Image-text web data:
****************

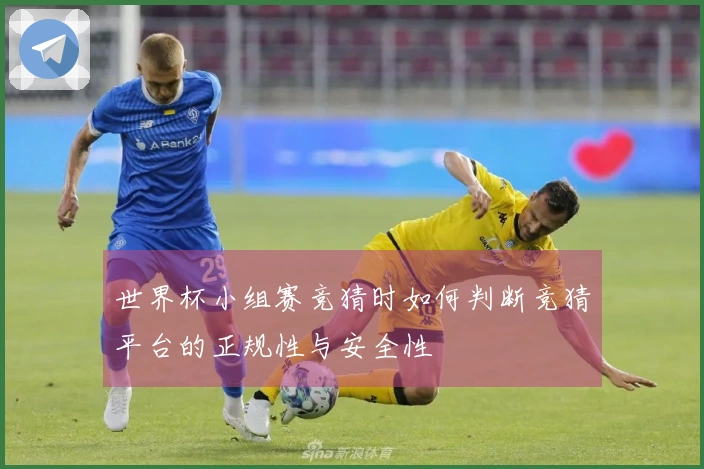 世界杯小组赛竞猜时如何判断竞猜平台的正规性与安全性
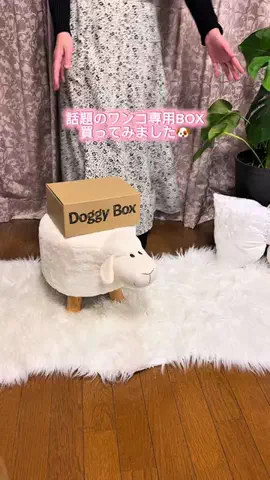 お風呂大好き_しふぉんくんのTikTok投稿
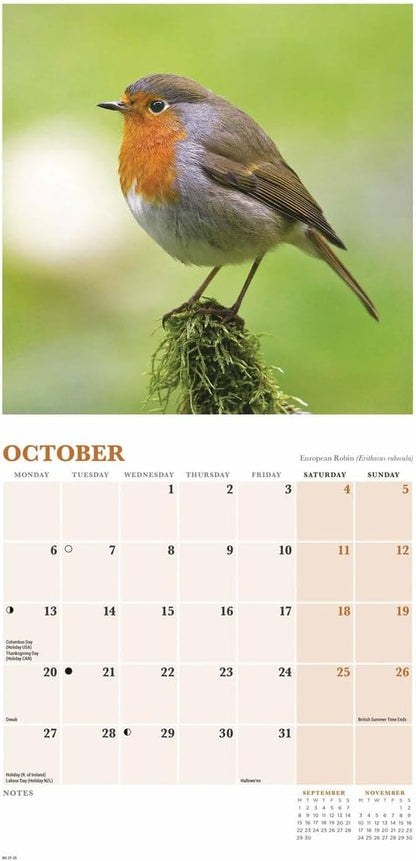 British Garden Birds Mini Wall Calendar 2025 (PFP)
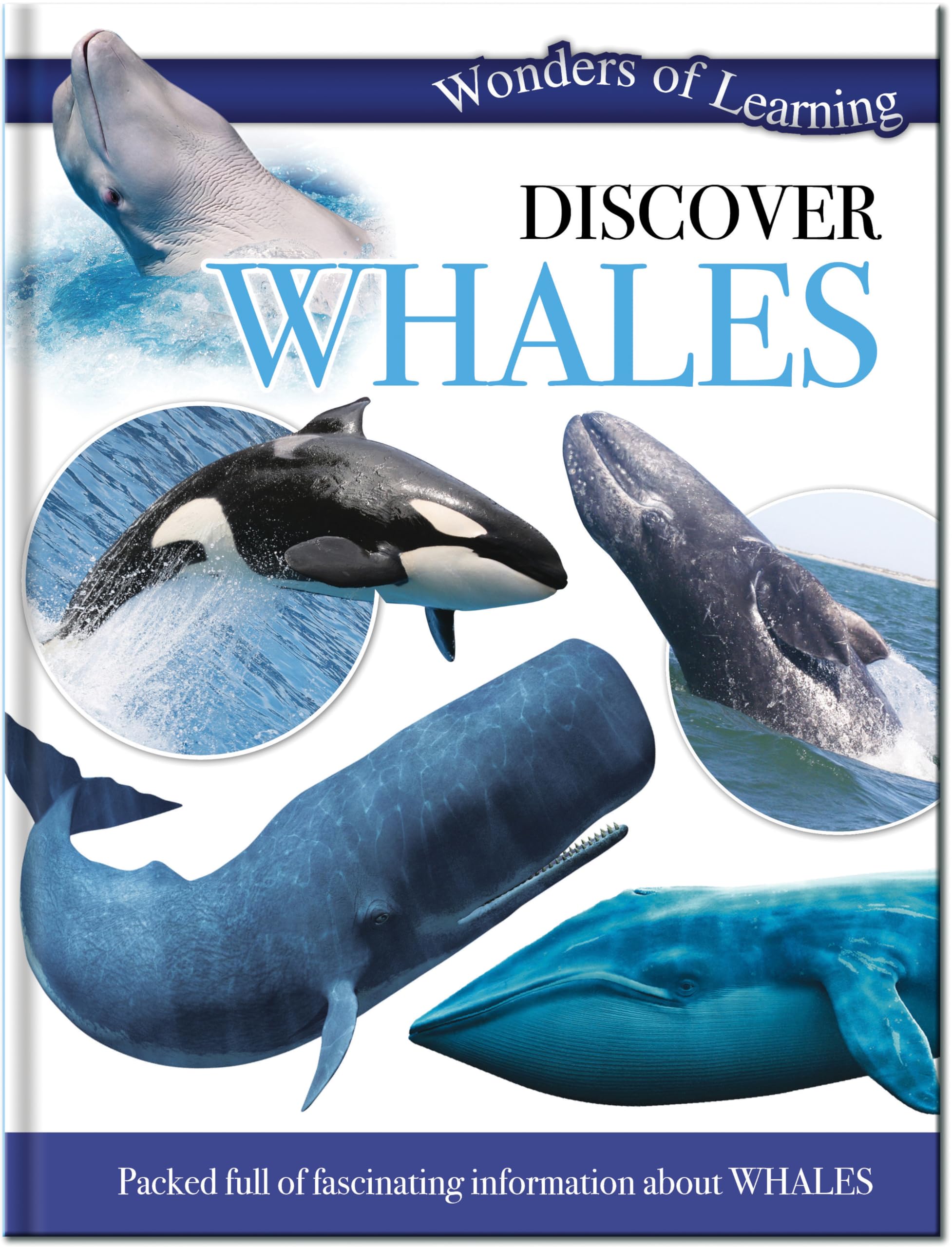 Wonders of Learning Discover Whales: Wonders Of Learning Omnibus (Wonders of Learning Padded Foil Book) Natural Sciences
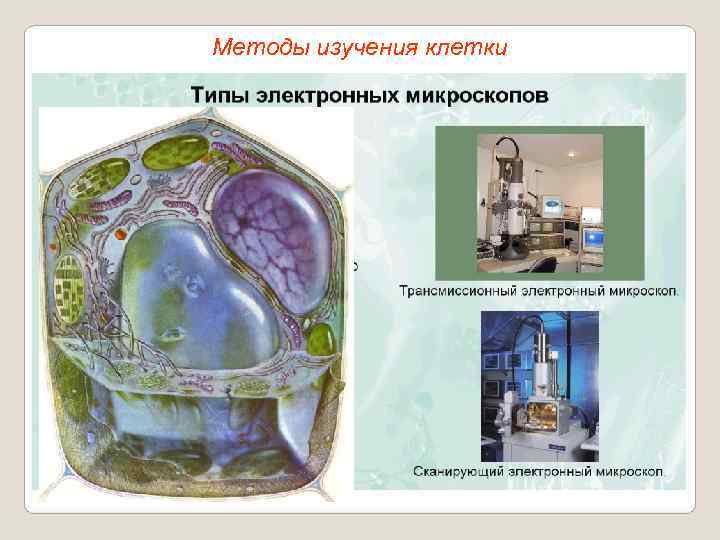 Методы изучения клетки 
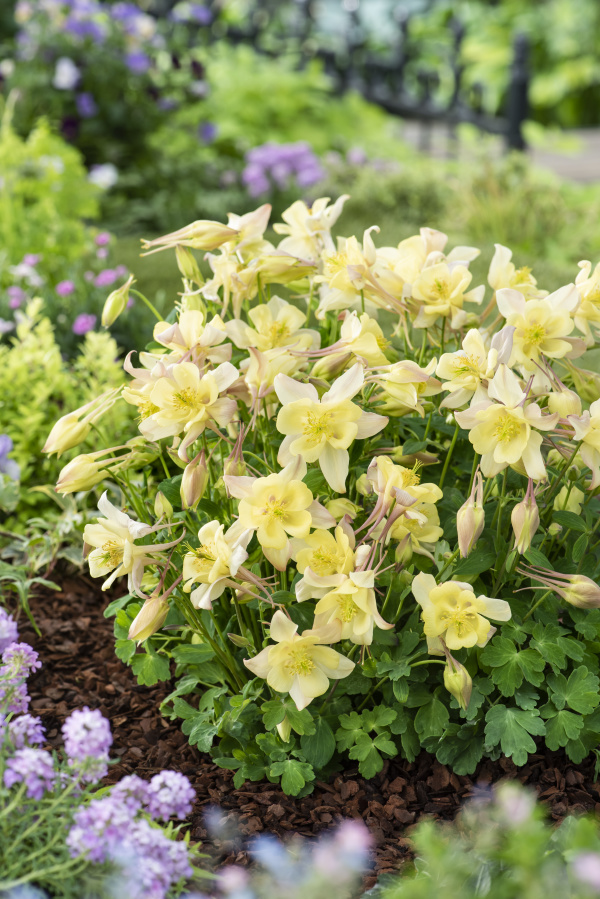 Aquilegia hybrida Earlybird Yellow 1000 semien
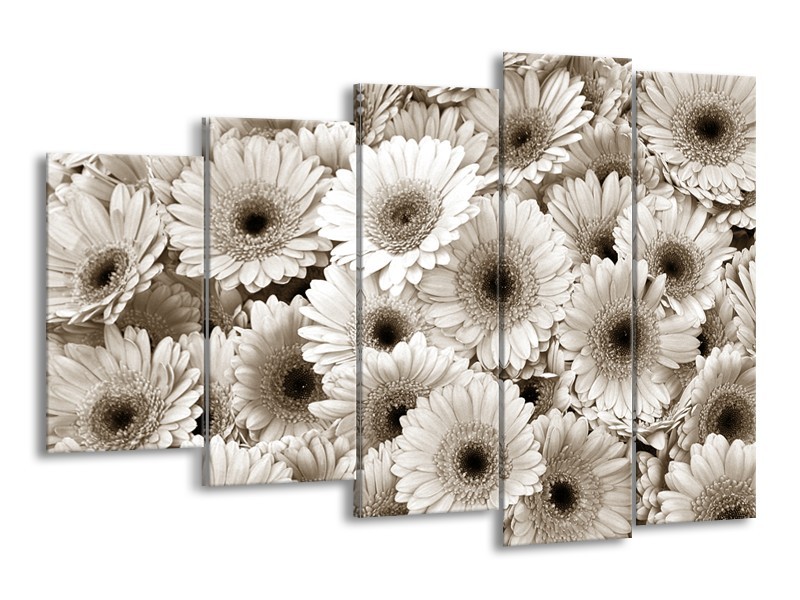 Glasschilderij Gerbera, Bloemen | Sepia | 150x100cm 5Luik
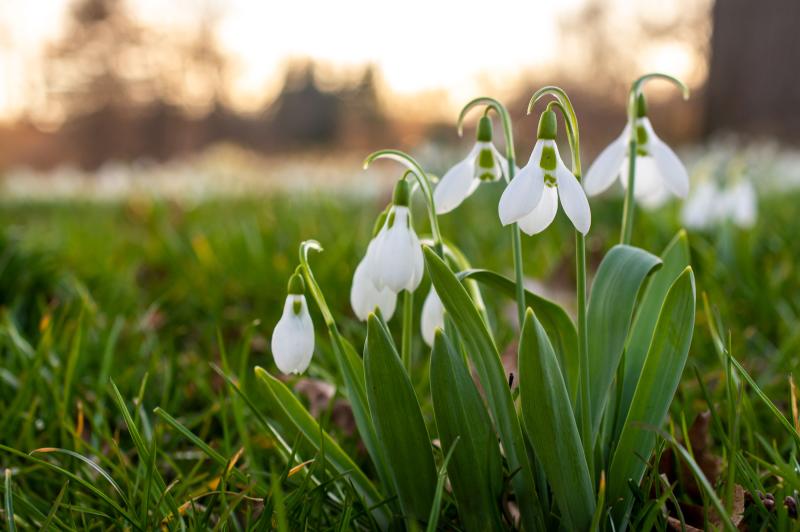 Snowdrop flowers at Brooklyn Botanic Garden photographed by Michael Stewart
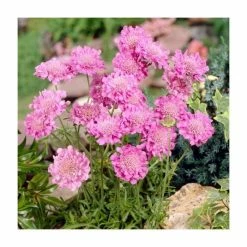 Scabiosa columbaria 'Pink Mist' | 10.5cm Pot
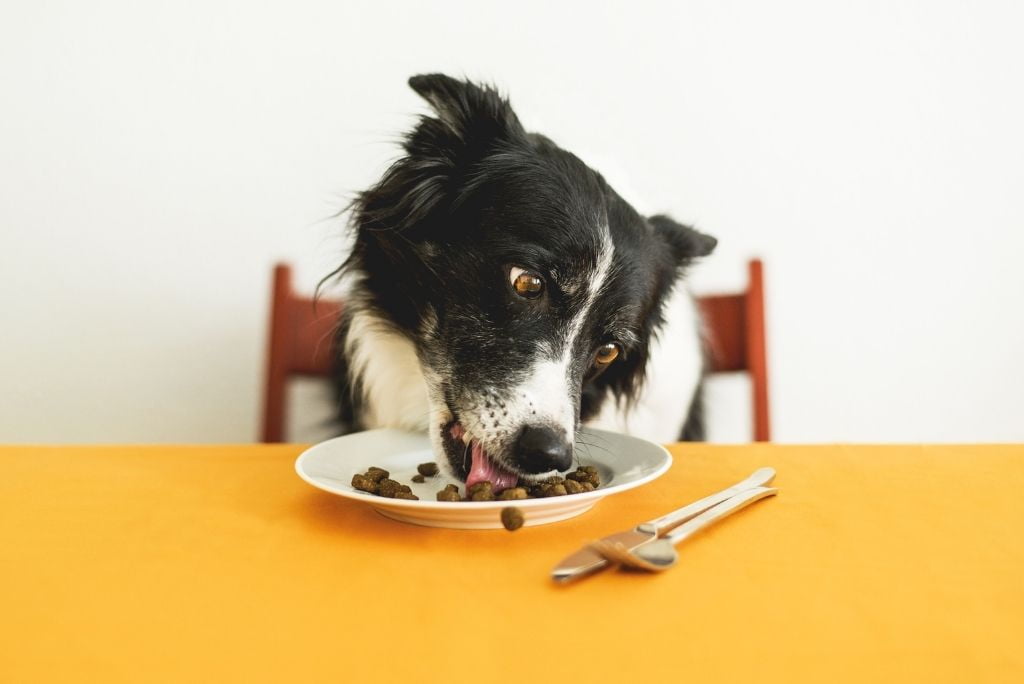 dog-food-recalls-main-causes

****************

◆ WHAT YOU HAVE TO DO ◆
Exactly as written above, retype the lines starting at the one holding "Wonders of Learning Discover" and ending at the one holding "Glasschilderij Gerbera, Bloemen", both included, but not the pictures.

◆ EXERCISE RESPONSE ◆
 Wonders of Learning Discover Whales: Wonders Of Learning Omnibus (Wonders of Learning Padded Foil Book) Natural Sciences
 Методы изучения клетки 
 Aquilegia hybrida Earlybird Yellow 1000 semien
 Glasschilderij Gerbera, Bloemen | Sepia | 150x100cm 5Luik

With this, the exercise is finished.